Dans les années 80, quand nos voix muèrent pour enchanter les oreilles des adultes émerveillés, nous développâmes des trésors de bon goût et de spiritualité. Nous riions énormément aux films de Pierre Richard et d’Aldo Maccione, qui passaient à la télé, les soirs d’été où, toutes fenêtres ouvertes, les odeurs de méchoui se mêlaient à celles des déjections des chats. Mais je préfère ne pas expliciter ce qui nous faisait rire, car même aujourd’hui, cela risquerait de nous faire passer pour de singuliers hurluberlus. Il suffit de rappeler que les années 80 produisaient assez d’humour gras pour remplir d’aise les pré-ados distingués que nous étions.

Puis la famille de Jacob partit vivre en Afrique, et nous nous vîmes moins. De mon côté, la ville de Lyon, la philosophie et les belles lettres m’apprirent à rire de manière plus fine. A moins que ce ne fût la présence des filles, qu’il fallait bien, à un moment donné, cesser de faire fuir. Jacob grandit en Afrique noire, de Djibouti à Abidjian. Jeune adulte, il se lança dans des affaires grandioses. Il monta un commerce qui consistait à acheter du poisson dans les villages de pêcheurs et à aller le vendre au grand marché d’Abidjian. Puis des mecs du coin l’en ont chassé. Il a monté une autre affaire en Côte d’Ivoire, à base de pièces détachées de voitures Peugeot, mais cela ne put tenir très longtemps non plus.  

L’Afrique est un peu une affaire de famille. Mes parents y ont vécu une dizaine d’années et y ont conçu mes deux frères aînés. Plus tard, mon père et le père de Jacob partirent avec mon frère Hubert pour une traversée du Sahara avec une camionette totalement inadaptée aux sables du désert. Les multiples récits de ce voyage familial ont fait rêver mon âme d’enfant à un point qu’il est difficile d’évaluer. J’étais devenu un voyageur et plus rien d’autre n’aurait d’importance pour moi que de partir, ou au moins de m’égarer dans une spatialité disparate. Plus rien ne me ferait peur dans la vie.

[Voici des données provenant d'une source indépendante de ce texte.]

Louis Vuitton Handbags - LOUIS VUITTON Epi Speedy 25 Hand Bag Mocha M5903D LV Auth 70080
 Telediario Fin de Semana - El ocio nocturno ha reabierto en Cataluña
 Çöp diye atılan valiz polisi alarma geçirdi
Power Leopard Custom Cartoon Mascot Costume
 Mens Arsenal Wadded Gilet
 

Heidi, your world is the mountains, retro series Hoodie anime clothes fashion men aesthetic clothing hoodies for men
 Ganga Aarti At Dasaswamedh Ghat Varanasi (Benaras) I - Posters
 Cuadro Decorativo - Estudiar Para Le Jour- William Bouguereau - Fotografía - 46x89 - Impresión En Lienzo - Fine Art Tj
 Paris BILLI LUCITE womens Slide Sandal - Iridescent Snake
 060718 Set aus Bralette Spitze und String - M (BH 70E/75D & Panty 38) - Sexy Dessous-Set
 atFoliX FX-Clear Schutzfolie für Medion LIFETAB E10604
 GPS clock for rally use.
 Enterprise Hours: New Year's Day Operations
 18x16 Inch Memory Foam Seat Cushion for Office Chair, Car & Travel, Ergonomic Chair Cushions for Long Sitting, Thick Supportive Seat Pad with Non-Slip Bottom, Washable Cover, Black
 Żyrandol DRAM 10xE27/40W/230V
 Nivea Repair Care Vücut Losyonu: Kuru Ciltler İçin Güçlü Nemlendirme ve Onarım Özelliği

Jacob a fait des voyages étonnants, avec des copains aussi inconscients que lui. Des voyages en stop d’Abidjan à Dakar, ou de Djibouti jusqu’à Tamanrasset, en se cachant pour passer les frontières en clandestin. C’est un peu un miracle, à mon avis, s’il n’est pas en train de croupir dans une geôle d’un groupe révolutionnaire lumumbiste. Ou proto-islamiste.

Les hasards de la vie l’ont amené à rencontrer une femme dont l’apparence tient un peu du soleil qui se lève. Jacob, qui est un poète qui s’ignore, a réussi à se l’attacher. C’est peut-être son coeur en or massif qui est venu à bout de cette jeune personne, et il est arrivé ce qui devait arriver : à force de se fréquenter, tous deux finirent par fauter et bricoler une espèce de famille, des enfants magnifiques, et une maison que Jacob a construite de ses mains, ou presque.

Fin avril 2010, je suis allé à Saint-Malo pour assister au festival « Etonnants voyageurs ». C’est là que j’ai revu Jacob, après l’avoir perdu de vue depuis vingt ans. Peut-être davantage. J’ai revu Sarah, aussi, sa soeur, ainsi que son frère Pierre-Emmanuel, sa mère Marie-Christine. Xavier, quant à lui, avait préféré rester dans la Sarthe, à cultiver son jardin en vieux philosophe. Mais on ne peut pas parler de tout le monde, n’est-ce pas, car on n’a pas quatre bras.